Kendaraan Yang Istimewa

02.23

Sepeda adalah kendaraan tetapku selama ini. Bertahun-tahun mengendarai sepeda keliling rumah cukup membuatku senang. Namun, kesenangan itu berubah ketika aku menginjak SMP.

Teman-teman yang berkerja kelompok di rumahku tak pernah lepas dengan kendaraan motor. Mereka kini menganggap sepeda adalah kendaraan yang sangat lambat.
Kadang aku hanya bisa melongo ketika melihat motor-motor berjejer di depan rumahku. Dan ketika itu seorang teman bertanya padaku.
"Kenapa mel?" tanyanya.
"Kamu bisa naik motor?" tanyaku kembali kepada teman perempuanku yang tingginya tak lebih dari 155 cm.
"Bisa lah, kamu gak bisa?" aku mengangguk dan membalikan kepala. Masih tak percaya akan hal ini. Aku yang termasuk deretan tertinggi di kelas tak bisa mengendarai motor!
Namun
...
Biarpun sudah lebih dari 5 kali aku meminta pada orangtua untuk diajarkan bermotor, mereka tak pernah menyutujuinya. Alasannya adalah mereka tak ingin anak perempuan satu-satunya menjadi korban bermotor. Aku merasa beruntung mempunyai orangtua yang sangat perhatian kepada anaknya hingga akhirnya niatku untuk belajar bermotor itu luntur.
5 tahun yang lalu, saat aku masih SD, aku di antar-jemput dengan motor oleh keluargaku yang juga perempuan. Jika diingat zaman itu, aku dapat menghirup udara segar dipagi hari. Sangat berbeda dengan sekarang, yang kuhirup adalah udara palsu di dalam mobil, AC.
Aku lebih beruntung daripada Affan, ia tak pernah digonceng dengan motor untuk pergi sekolah. Oleh karena itu, ketika ada keluarga yang datang ke rumahku dengan motor, Affan akan meminta untuk digonceng keliling halaman rumah. "Mel!

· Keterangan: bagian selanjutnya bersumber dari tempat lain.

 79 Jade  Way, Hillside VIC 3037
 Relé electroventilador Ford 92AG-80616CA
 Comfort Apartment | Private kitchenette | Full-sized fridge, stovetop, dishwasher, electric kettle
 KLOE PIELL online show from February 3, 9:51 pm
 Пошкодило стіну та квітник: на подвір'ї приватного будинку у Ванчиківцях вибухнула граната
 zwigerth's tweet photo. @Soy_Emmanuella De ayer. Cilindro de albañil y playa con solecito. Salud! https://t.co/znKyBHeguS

Liat Affan naik motor weeekk" teriaknya. Lalu aku akan ikut menaiki motor itu juga dan berteriak kesenangan.
Ya, aku dan Affan, kakak-beradik yang menganggap menaiki motor itu adalah hal yang spesial.

Jika tak boleh bermotor, kendaraan apa yang akan kupelajari?

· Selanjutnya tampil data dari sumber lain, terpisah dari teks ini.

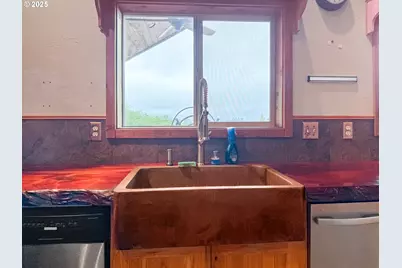 99106 E Freeman Ln, Brookings, OR 97415 - Photo 17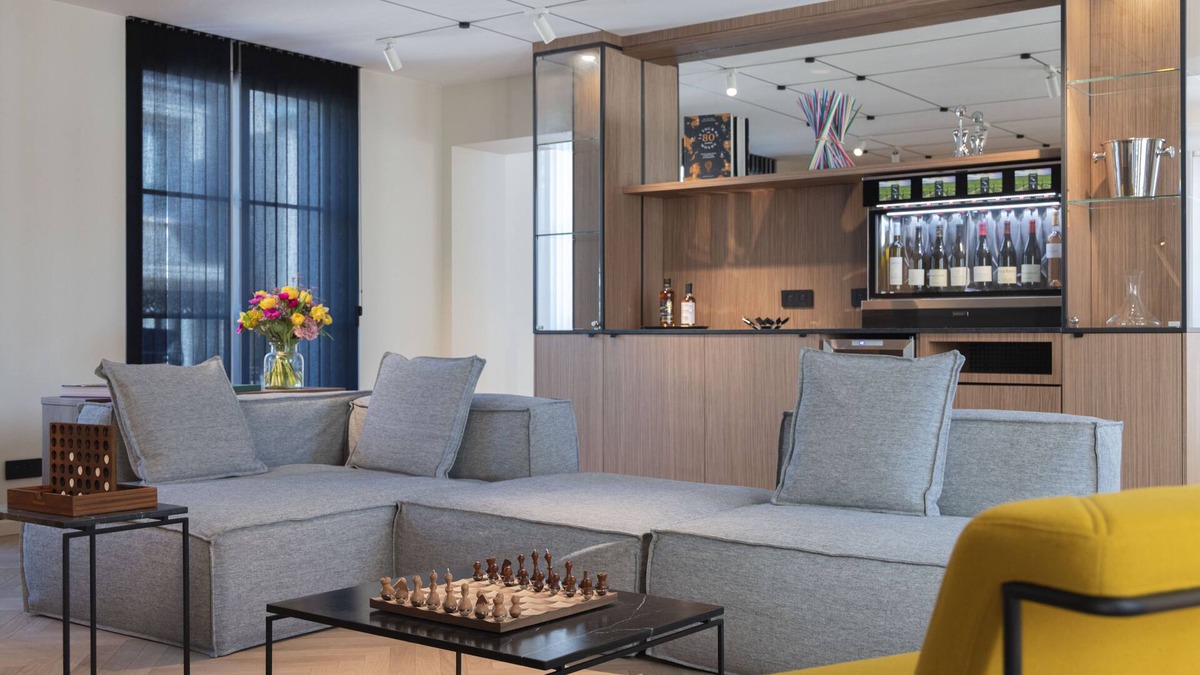 8th Arrondissement Apartment | Appartement Exclusif et Luxueux à 300m des Champs Elysées!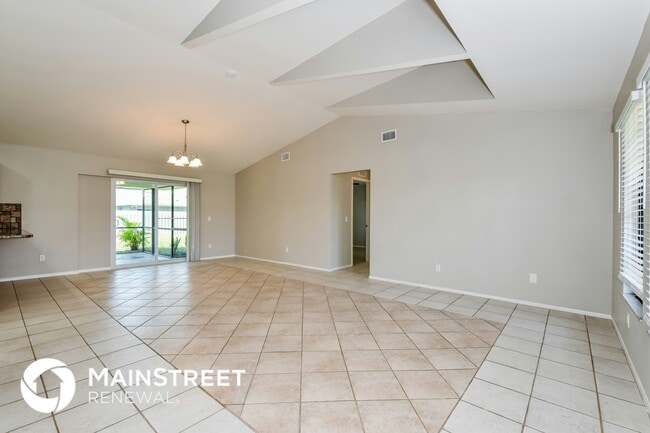 Photo - 202 NE 9th Pl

"Mobil. Belajar mobil dengan kakak Akbar atau kak Dede. Resiko bermobil lebih kecil daripada bermotor" kata Abah yang masih menempel di otakku sekarang ini.

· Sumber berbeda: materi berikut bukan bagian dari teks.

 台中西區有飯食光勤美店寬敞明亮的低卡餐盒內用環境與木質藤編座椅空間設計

Aku rasa itu memang yang paling tepat. Kakikku yang tinggi ini cukup untuk menginjak rem mobil. Jika bisa bermobil, aku dapat mengantarkan Mama ke Samarinda tanpa menganggu jadwal kuliah kak Akbar dan kak Dede.
Masalahnya kini, siapa yang mau mengajarkan aku bermobil sedangkan kakakku sibuk dengan kuliah dan skripsinya?